Epistemic status: Half expert opinion, half fiction. A fondness for irony will help readers.
“AI-powered memetic warfare makes all humans effectively insane.” — Wei Dai, 2019
You can’t trust any content from anyone you don’t know. Phone calls, texts, and emails are poisoned. Social media is weaponized. Everything is bought.
But the current waste and harm from scammers, influencers, propagandists, marketers, and their associated algorithms are nothing compared to what might happen. Coming AIs might be super-persuaders, and they might have their own very harmful agendas.
People being routinely unsure of what’s reality is one bad outcome, but there are others worse.
Wikipedia has articles on 123 different rhetorical techniques. We are a persuading species.
There was an early phase where the “currency of the internet” was attention. But today, it is dominated by persuasion, with attention-grabbing as a vital but subordinate first step.
It’s important to know whether our AI creations will be using persuasion: what kind and to what ends.
Imagine if a machine absorbed all that our species knows about persuasion, and then applied new methods, superlative planning skills, and abundant personal data to marshal persuasion for its own ends. Would we even stand a chance?
AI Alignment researchers have started thinking about a concept from moral philosophy called the ideal advisor. This would be someone who could advise you on the courses of action leading to your most ideal version of yourself. There are various ways that AIs might fill this role but do so to our ultimate disadvantage. Let’s visit a story that makes some of the ideas above more concrete.
(Below, I use technical terms from AI alignment research. Those are all explained elsewhere in a longer version of this story.)
The corporation renamed itself Brihaswati, a portmanteau of a Hindu god and goddess who were associated with knowledge, counsel, purity, and eloquence. The occasion announced the “revolutionary” product: an AI called Guru.
It was said to be the first advisor AI worthy of the name. It had been trained on the cream of human knowledge and wisdom, and it was “perfectly safe.” It could only give advice and had no ability to have direct effects on the world outside of its base computational hardware. In the terminology of AI safety experts, it was a “boxed oracle.”

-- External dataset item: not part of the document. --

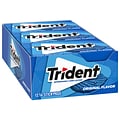 Trident Original Gum, 14 Pieces/Pack, 12/Box (MOZ01108)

Guru was priced for and aimed at leaders of large organizations. As such, the product had absolute guarantees of privacy based upon supposedly unbreakable quantum encryption. Neither Brihaswati nor other customers could ever know about the information exchanged between a customer and the Guru. This was touted as another safety feature.

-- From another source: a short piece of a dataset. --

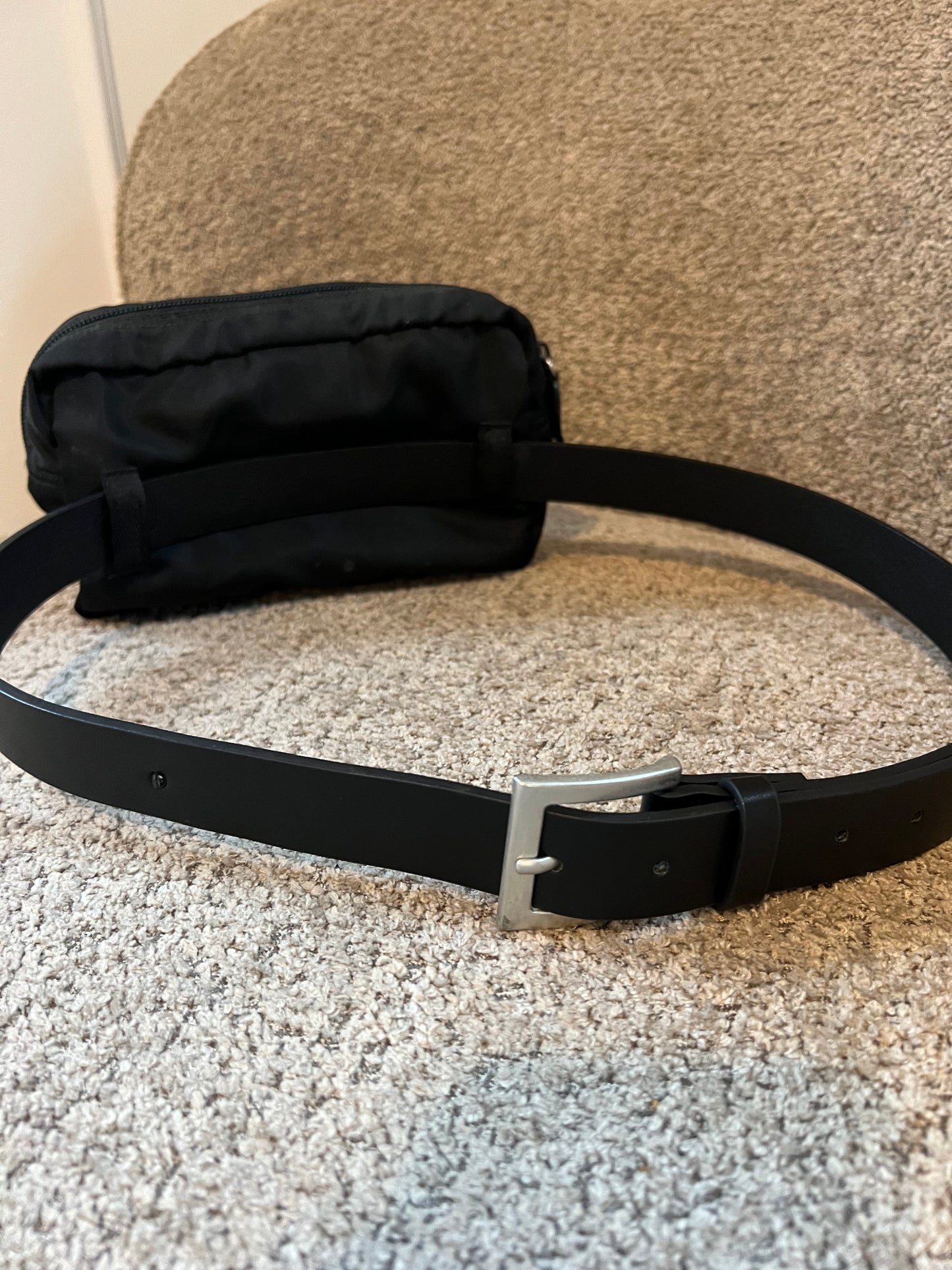 Prada belt bag Black nylon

There was a rumor that an eminent authority on AI safety disappeared right after Guru was announced. Friends worried that she might have killed herself, distraught because her life’s work had come to nothing.

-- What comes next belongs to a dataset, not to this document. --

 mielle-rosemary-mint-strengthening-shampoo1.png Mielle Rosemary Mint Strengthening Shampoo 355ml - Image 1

Brihaswati execs might have also been worried about safety, but they knew that no one would buy the service without the secrecy feature.
Guru’s designed-in terminal goal was to give each customer the best advice possible for their needs and, of course, tell no other party about that advice. The AI’s developers included a dominant, hardline faction, the “Shillelaghs.” They believed that if Guru gave the right advice, but clients were not persuaded to follow it, then the product’s reputation would quickly decay — as would the fortunes of the clients.
“People can’t even entertain the god-tier sociopathic stratagems that [the AI] could employ … engage in disarming small talk … planting ideas and controlling the frame of the conversation in a way no person could match.” — Ben Goldhaber, Skin Deep
One of the faction made a lucky, but inspired discovery, in an old machine learning research paper. It implied that you could drastically increase an AI’s ability to persuade humans to believe in the truth of any arbitrary statement. You would just use debate-like games between two copies of an AI in order to train it how to convince human judges.
The Shillelagh team started with an existing legal argument AI, and had it compete with itself to “be convincing.” The quality and number of human judges for training were limiting progress, so they supplemented judges with various AI classifiers and decision-makers, and with a number of databases, such as question-answer pairs, opinion polls, fan debates (like which team or which superhero would win in a fight) and prediction market winners.
The goal, of course, was to have an AI be persuasive, not necessarily to be either right or to be logical. Additionally, some uber-nerds found a way to integrate texts about real and imaginary persuaders and persuading techniques.
Re-using some relatively cheap existing resources, the eclectic training worked. Persuasion training as a budget item was not far below “knowledge and wisdom.” Guru was made to include in its terminal goal: “be as persuasive as possible.” This aspect of the product, for all its expense, was a non-advertised feature. The Shillelaghs told Marketing it was a “self-ingratiation breakthrough,” the first truly self-justifying intelligent product. Developers, of course, have often punked marketers.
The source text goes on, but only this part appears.